A bowling ball wouldn't curve significantly unless at very high speed and moderate to high spin, perhaps if it could be shot out of some type of high pressure cannon.
Something like a hollow wiffle ball without the holes could be thrown to produce a slight curve.
Table tennis balls are very light for their size and curve easily. The table tennis paddles use a very sticky and elastic rubber surface, allowing a lot of speed and spin on the balls, so they can curve quite a bit, including truly rising from backspin. Example video with mostly top spin and side spin related curves:
http://rcgldr.net/real/tt2.wmv
The best description I could find is from this archived article:
The more recent studies agree that the magnus force results from the asymmetric distortion of the boundary layer displacement thickness caused by the combined spinning and flow past the spherer. In the case of a sphere(or cylinder), the so-called whirlpool, or more accurately the circulation, does not consist of air set into rotation by friction with a spinning object. Actually an object such as a sphere or a cylinder can impart a spinning motion to only a very thin layer next to the surface. The motion imparted to this layer affects the manner in which the flow separates from the surface in the rear. Boundary layer separation is delayed on the side of the spinning object that is moving in the same direction as the free stream flow, while the separation occurs prematurely on the side moving against the free stream flow. The wake then shifts toward the side moving against the free stream flow. As a result, flow past the object is deflected, and the resulting change in momentum flux causes a force in the opposite direction(upwards in the case shown in figure 1).
http://web.archive.org/web/20071018203238/http://www.geocities.com/k_achutarao/MAGNUS/magnus.html
The key here is the boundary layer separation at the rear of a ball.
I was wrong about golf balls and corrected my previous post. In the case of a golf ball, because of the higher speeds, the laminar flow would separate from the ball on the front side of a smooth ball resulting in a larger wake that creates a type of "wake form drag". The dimples trip the boundary layer into a higher energy laminar flow, which can follow a curved surface better than a lower energy laminar flow. There's increased "skin drag", but the turbulent flow reattaches and follows the curve of the ball to the back side of the ball, resulting in a smaller wake, and the decrease in "wake form drag" more than offsets the increase in "skin friction drag".
http://www.knetgolf.com/GolfBallDimp.aspx
Looking at that golf ball article, if the dimples are too small, then you get more lift, but also more drag. The wake would be larger, and displaced enough so that the Magnus effect is also larger, but the large wake produces more drag. At the other extreme, if the dimples are too deep, you get less lift and less drag, but the total distance becomes less than optimal dimple size.
The competing issues here are how large the wake is and by how much that wake is deflected, and this is affected by the smoothness, speed, size, and spin of the ball. If the ball is moving slower, the laminar flow remains attached longer, eventually remaining attached on the back side of a ball, which changes the situation allowing smoother ball to curve more, which is the case for table tennis balls.

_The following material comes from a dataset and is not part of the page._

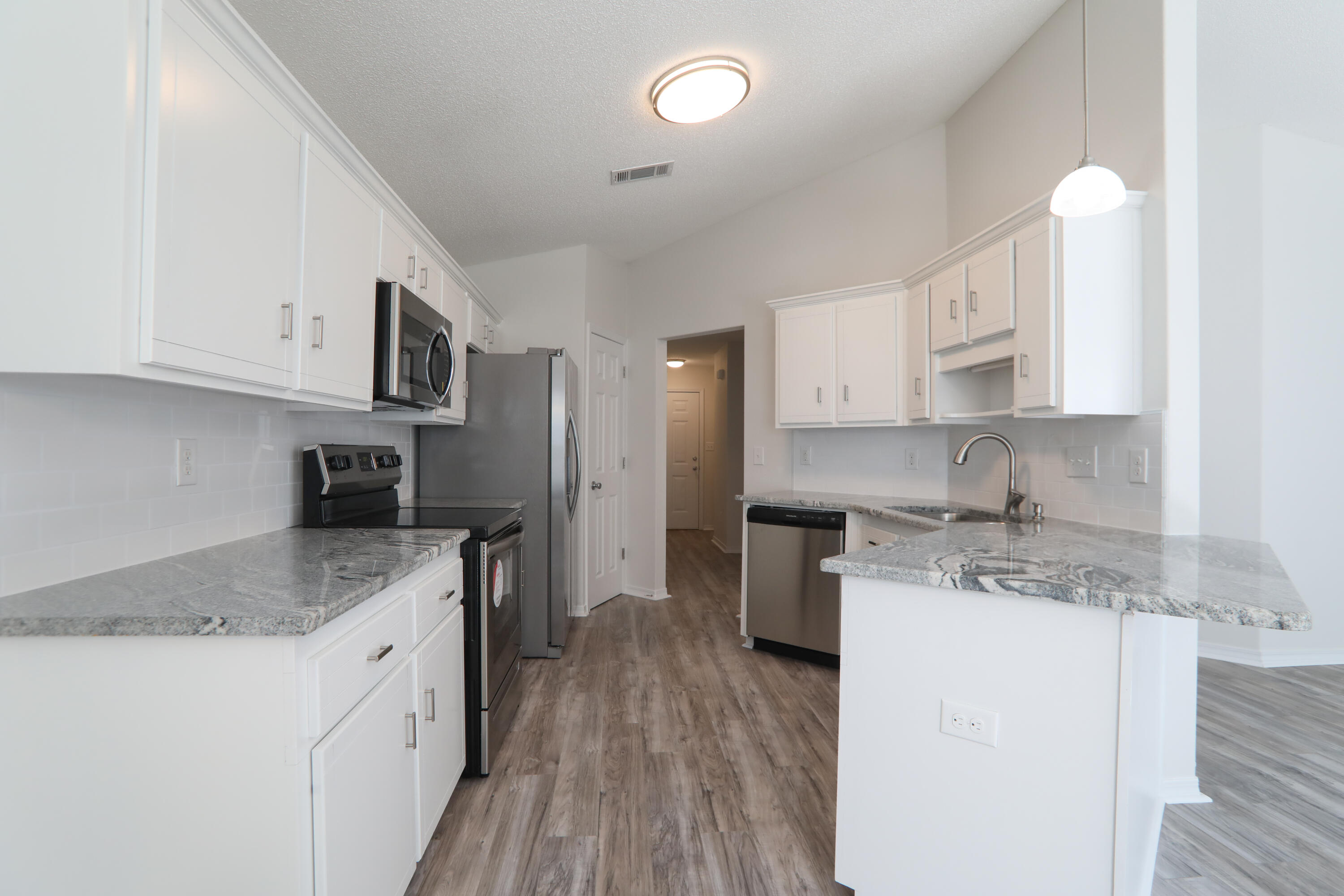 Grab it quick!! 2014 Home totally revamped to new condition. Ready 2014 Ac 2014 Hot water heater 2014 Roof. Updates.Paint cabinets white with new knobs. Granite, Stainless Steel Appliances, Paint inside, new fans and lights, Laminate main areas, vinyl in bathrooms and carpets bedrooms. new door knobs and hinges house, new blinds windows, pressure wash outside of house, shutters front of house. clean yard up landscape front of house.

In the case of table tennis balls, the ball tends to curve less at higher speeds, then curve more as the speed decreases due to the relatively high amount of drag. My guess is that most of the curving takes place when the speed of the ball decreases to a point where the laminar flow remains attached until reaching the back side of the ball, which would explain why smoother table tennis balls tend to curve more. However, it could be related to the fact the the smoother balls slow down sooner, so you see the transition into the region where the curving becomes more noticable sooner. This Wiki article has some diagrams of the path of a table tennis ball with backspin and topspin examples:
http://en.wikipedia.org/wiki/Table_tennis#Effects_of_spin
So the smoother versus rougher surface versus Magnus Effect response depends on the speed and nature of the ball. According to some web sites, within a certain speed and spin range, and with a smooth ball, it can end up up with laminar flow on one side, and turbulent flow on the other, resulting in a reverse Magnus effect with the ball curving the "wrong" way.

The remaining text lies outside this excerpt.